# Kittens sleeping in odd places and positions!



## ls84 (Jul 2, 2008)

My kittens fall asleep in some strange ways...Here is Hamlet asleep on my flip-flop...









And was napping in my purse.....









And here is Lola sleeping under my pillow...cant see her?









There she is!









Oooo forgot one! Lola sleeping on my homework!


----------



## marie73 (Jul 12, 2006)

Wow, Hamlet has some big hamhocks there! Is he going to be a large kitty?

I want to snuggle with Lola - what a fluffball.


----------



## ls84 (Jul 2, 2008)

Well, I fostered their mother, who was a very small short hair orange tabby, but who knows who the father was! They said a possible mainecoon mix because of the fluffy hair and the tufts between the toes. Three of the kitties were medium hair and one was short haired like their mom. Lola is 6 pounds at 5 1/2 months and Hamlet is 8 pounds already. Im guessing that means he could get pretty big!


----------



## marie73 (Jul 12, 2006)

Some people thought my twins were going to be big - in some pictures, their paws looked large when they were younger, but they're full grown at 7.5 lbs (Cali) and almost 8 lbs. (Charlee).

Lola and Hamlet are so gorgeous!


----------



## coaster (Dec 1, 2004)

Awwww.....that's cute. And funny!!

NOW STOP BOTHERING THEM WITH YOUR CAMERA!! :lol: 

J/K


----------



## ls84 (Jul 2, 2008)

Thanks thanks....yeah they are also fluffy which makes them look bigger.
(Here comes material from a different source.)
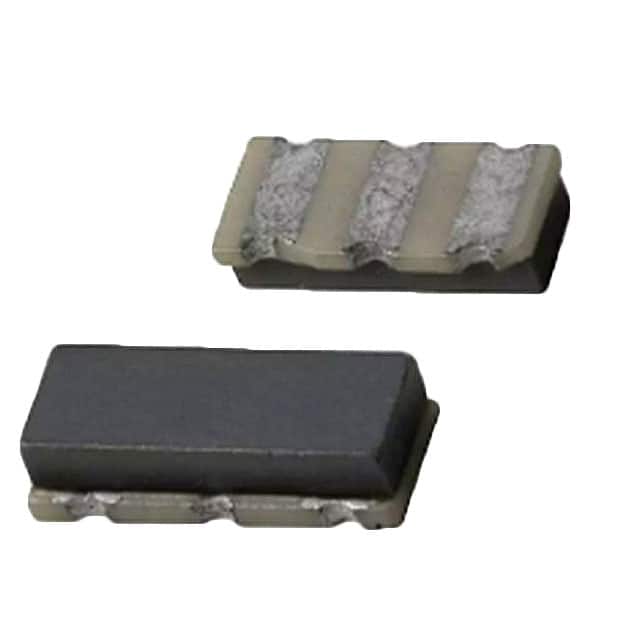 SMR-4.000-B CERAMIC RES 4.0000MHZ SMD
Oh I am ALWAYS in their face with the camera. Its just one of those things...like with babies. Everytime they do something cute and new, you MUST take a picture to document so you can show people...most of which probably think you are crazy!


----------



## coaster (Dec 1, 2004)

But not us.


----------



## DesnBaby (Apr 18, 2004)

Their adorable!


----------



## OctoberinMaine (Sep 12, 2006)

So cute! That one of Lola on your homework . . . wow.


----------



## LilRed (Jul 16, 2008)

They are really adorable! I love Lola as I have a real soft spot for tories! I know what you mean about sleeping in strange places. My Lucy flopped down on my bathtowel this morning so playing, I wrapped it over her. She loved it! In the middle of the bathroom floor, completed covered with the towel, she took a half hour nap. I even slid her away from the door and the only response was a delightful purr!


----------



## gunterkat (Aug 19, 2006)

I love long haired torties! :luv 
It's a long story, just suffice to say they have a special place in my heart.


----------